He conducted a learning process through research experiment in a primary school located in an underprivileged area. Schoolchildren worked with two of France’s leading myrmecologists exploring the frontiers of knowledge. The pupils were empowered to be actors of their own learning process, and their findings about science and themselves triggered their desire to be effective actors in a global society. This experiment is already spreading throughout Paris where children and PhD students work hand in hand learning through research in 40 weekly workshops. François Taddei has taken the lead of the Institute for Learning through Research that was selected in March 2012 by the International Scientific Committee of the National Innovative Training Program (IDEFI) of the French Ministry of Research. François Taddei has participated in various working groups on the future of research and education («France 2025 », OECD report, etc.). He holds the UNESCO Chair “Learning sciences”.

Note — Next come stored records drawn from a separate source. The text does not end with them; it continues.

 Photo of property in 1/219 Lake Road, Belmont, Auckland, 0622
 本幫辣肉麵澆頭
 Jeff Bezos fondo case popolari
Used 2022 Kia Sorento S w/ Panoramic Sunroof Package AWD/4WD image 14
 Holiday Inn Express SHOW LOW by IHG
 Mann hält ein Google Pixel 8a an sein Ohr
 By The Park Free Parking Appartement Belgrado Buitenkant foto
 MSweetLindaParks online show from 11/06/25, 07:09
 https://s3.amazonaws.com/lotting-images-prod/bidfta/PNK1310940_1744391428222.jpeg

‘Savanturiers– Ecole de la Recherche’
‘Savanturiers– Ecole de la Recherche’ is an educational program created by CRI aiming at implementing learning through research in schools. It enables schoolchildren to adopt the methods, concepts and ethics of research to enhance their own learning process and skills, thus empowering them to become creative, innovative and committed citizens. Currently, this program runs 40 weekly workshops throughout Paris. It was also used by hundreds of classes thanks to a partnership with the Palais de la Découverte.
The European Journal of Education
The EIESP edits the European Journal of Education which is published by Wiley-Blackwell. EJE is a peer reviewed journal of international reputation and readership specialised in research on education and the evaluation and review of education and training policies in a global perspective. It is thematic and receives an ISI Impact Factor ranking. EJE is available in about 16,000 institutions across the world through different types of subscriptions, data bases such as JSTOR and EBSCO and through special subscriptions for institutions (e.g.. universities) in countries where budgets are not sufficient to allow for costly full price subscriptions. In 2012 there were over 105,000 downloads of articles.
The members, board members and the network of the institute and the European Journal of Education are from different European countries, North America and the 'MEDA' region. The editorial board and the editorial correspondents of the journal bring an international perspective in the different domains of research and policy analysis for lifelong learning. The Chair of the editorial board is Roberto Carneiro, an highly respected academic and a former Minister of Education of Portugal. He was a member of the UNESCO International Commission, chaired by Jacques Delors, that wrote ‘Learning, the Treasure Within’.